For a verification that this does indeed work see below:

Verification of Weibull Exponential Family Parametrization

$$ h(x) \exp[\eta \cdot T(x) - A(\eta)] = x^{k - 1} \exp[-\frac{x^k}{\lambda^k} + \log(\frac{k}{\lambda^k})] = x^{k - 1} \cdot \frac{k}{\lambda^k} \exp[-(\frac{x}{\lambda})^k] = \frac{k}{\lambda} (\frac{x}{\lambda})^{k - 1} \exp[-(\frac{x}{\lambda})^k] $$ which is exactly the PDF of a Weibull distribution.

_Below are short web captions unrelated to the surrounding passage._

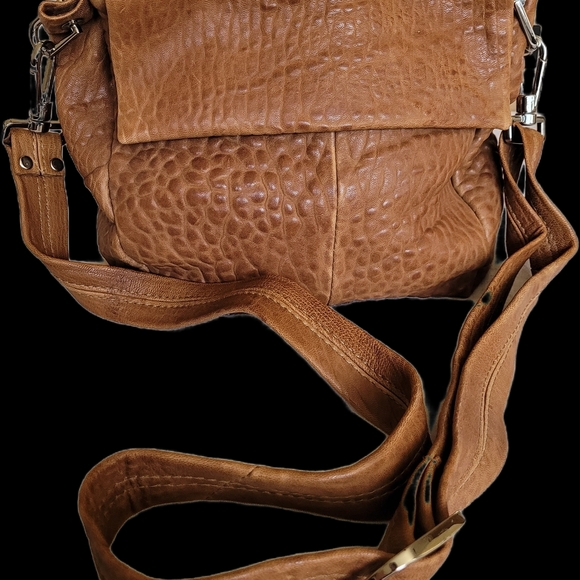 Textured Brown Crossbody Bag - Picture 4 of 11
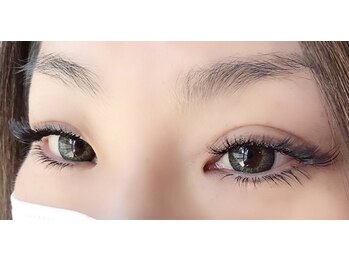 エモル(emol)/ボリュームラッシュ4D上下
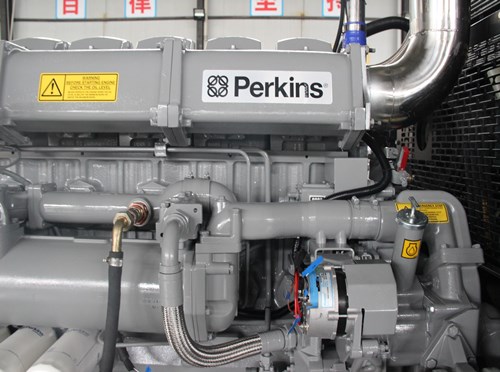 凤城频率波动时，发电机组有哪些保护措施？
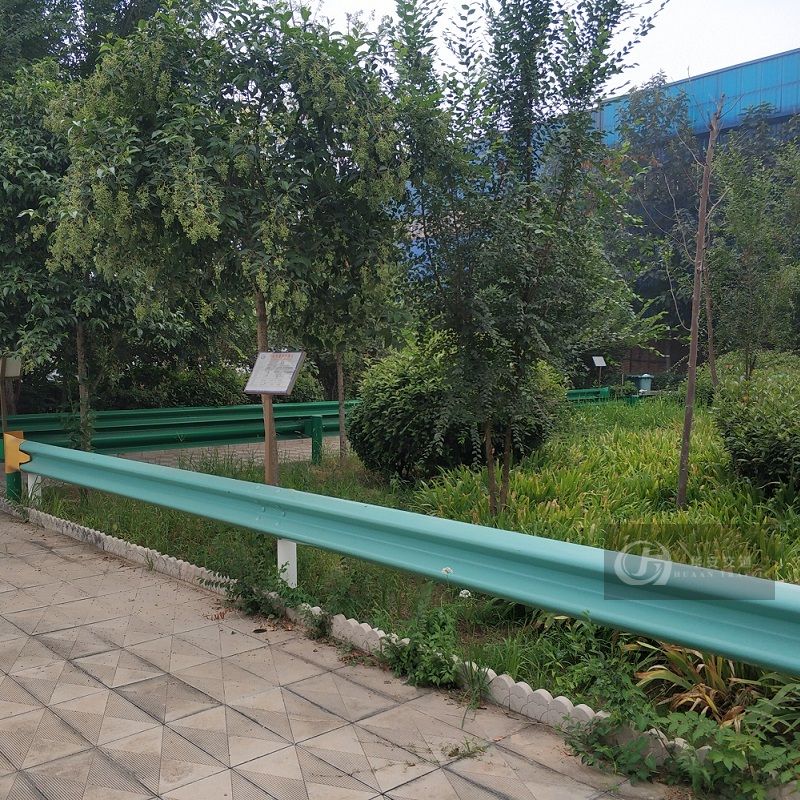 China national standard GB plastic painted crash barrier guardrail beams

Recall that we are assuming that the true natural parameters $\eta_1$ and $\eta_0$ are different across each class. Now applying the derived MLE conditions stated in \eqref{efda-mle} for this specific exponential family parametrization, we can find the MLEs of $\eta_1$ and $\eta_0$. We start by deriving the former:

\[\sum_{i: Y_i = 1}^n T(X_i) = N_1 \cdot \frac{\partial A(\eta_1)}{\partial \eta_1} \implies \sum_{i: Y_i = 1}^n X_i^k = N_1 \cdot (-\frac{1}{\eta_1}) \implies \hat{\eta}_1 = -\frac{N_1}{\sum_{i: Y_i = 1}^n X_i^k }\]

and so by identical logic we have:

\[\hat{\eta}_0 = -\frac{N_0}{\sum_{i: Y_i = 0}^n X_i^k }\]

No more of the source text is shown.